As reported by FOX 32 Chicago, officials say the strategy, a mix of community violence intervention, street outreach workers and focused policing shifts, is already linked to measurable declines in shootings and other violent crimes in parts of the South and West Sides. In a segment posted March 10, city staff shared neighborhood-level data with reporters and stressed that the early declines are preliminary and will have to be weighed against longer-term trends before anyone declares victory.
That message is reinforced by a 2025 impact analysis summarized by Cook County, which reported that communities receiving larger public investments in Community Violence Intervention, or CVI, saw the biggest safety gains. The analysis was prepared by Northwestern University's Center for Neighborhood Engaged Research and Science (CORNERS) for the Government Alliance for Safe Communities (GASC), the umbrella effort that lines up city, county and state funding. According to the county's release, the findings suggest that targeted funding and expanded services boosted program participation and reduced shootings in priority areas.

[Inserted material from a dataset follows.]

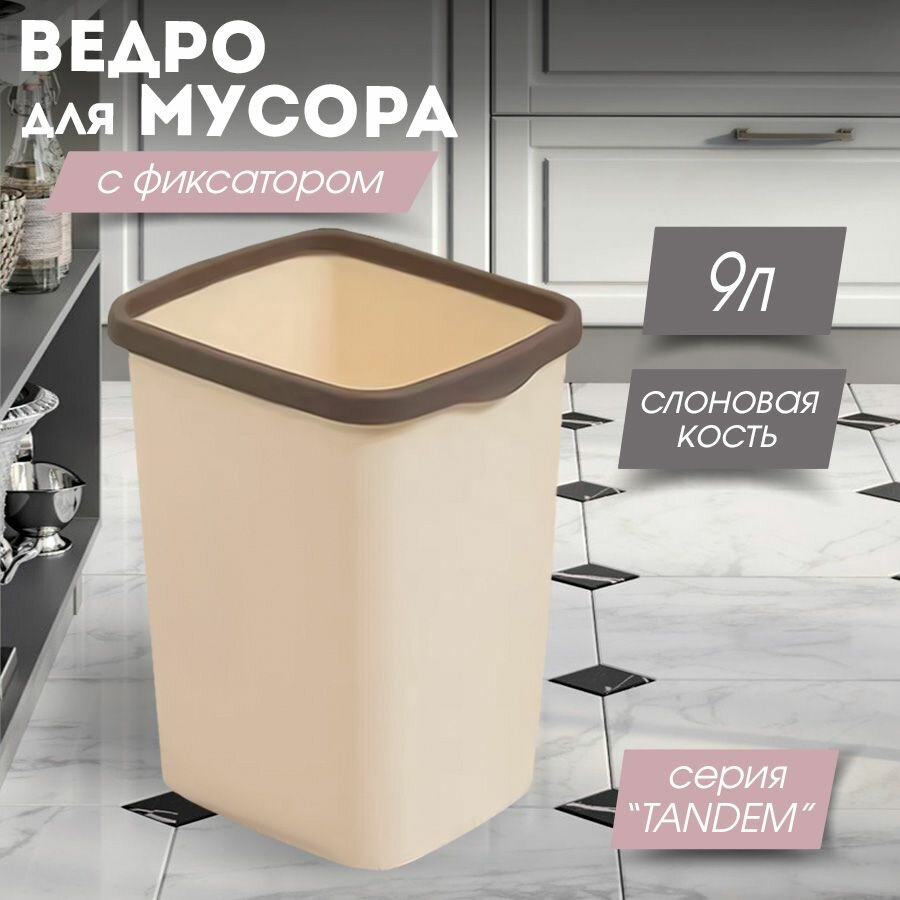 Мусорное ведро для кухни 9л с фиксатором Tandem цвет слоновая кость / контейнер для мусора для туалета
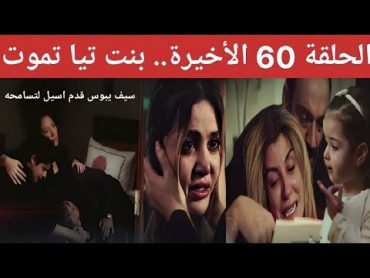 مسلسل الخائن الحلقة 60 والأخيرة / نهاية مؤلمة جداااااا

Public statistics highlight the scale of the shift. Chicago finished 2025 with roughly 416 homicides and broad year-over-year declines in shootings, robberies and carjackings, according to reporting on the GASC findings by WTTW. An University of Chicago Crime Lab year-end analysis shows that improvement was heavily concentrated in a relatively small slice of South and West Side community areas, which accounted for an outsized share of the overall drop in gun violence. Researchers say that concentration marks where interventions appear to be working, and also where sustained effort is needed to avoid backsliding.
Where drops are largest
Some of the steepest declines have surfaced on the Far South Side. Mayor Brandon Johnson has pointed to improvements in the Grand Crossing police district, which covers parts of South Shore, Hyde Park and Englewood, where homicides fell by about 53.9% last year, according to Chicago Police data cited by local reporters. Community organizations in the area have credited coordinated outreach, summer jobs and mentorship programs as part of the turnaround, even as they continue to push for more stable grants. The neighborhood example has become a kind of proof of concept for how place-based investments and organizing can produce rapid shifts on the ground.
Funding and next steps
Officials say those gains did not come cheap. They point to significant public spending on CVI, although even the basic tally depends on whose spreadsheet you trust. One account ties GASC-related CVI funding at about $248 million since 2022, while a Cook County news release describes more than $300 million in public awards connected to the GASC effort. Frontline providers say the headline numbers do not always translate into predictable support for people doing the work. As one organizer told the Chicago Sun-Times, “We need funding, proper funding, sir, so we can do what we need to do and keep the work going.” City and county leaders say they are reworking grant processes to tighten coordination and build long-term capacity for local groups.
What to watch next
Analysts say the real test will be whether the drops hold through the spring and summer, when shootings typically spike. Researchers and city partners plan to keep a close eye on near-real-time tools like the University of Chicago Crime Lab’s Violence Reduction Dashboard to see if the pattern continues. Independent evaluation and consistent reporting across programs will be critical to teasing out how much of the progress is tied to CVI investments versus broader citywide trends.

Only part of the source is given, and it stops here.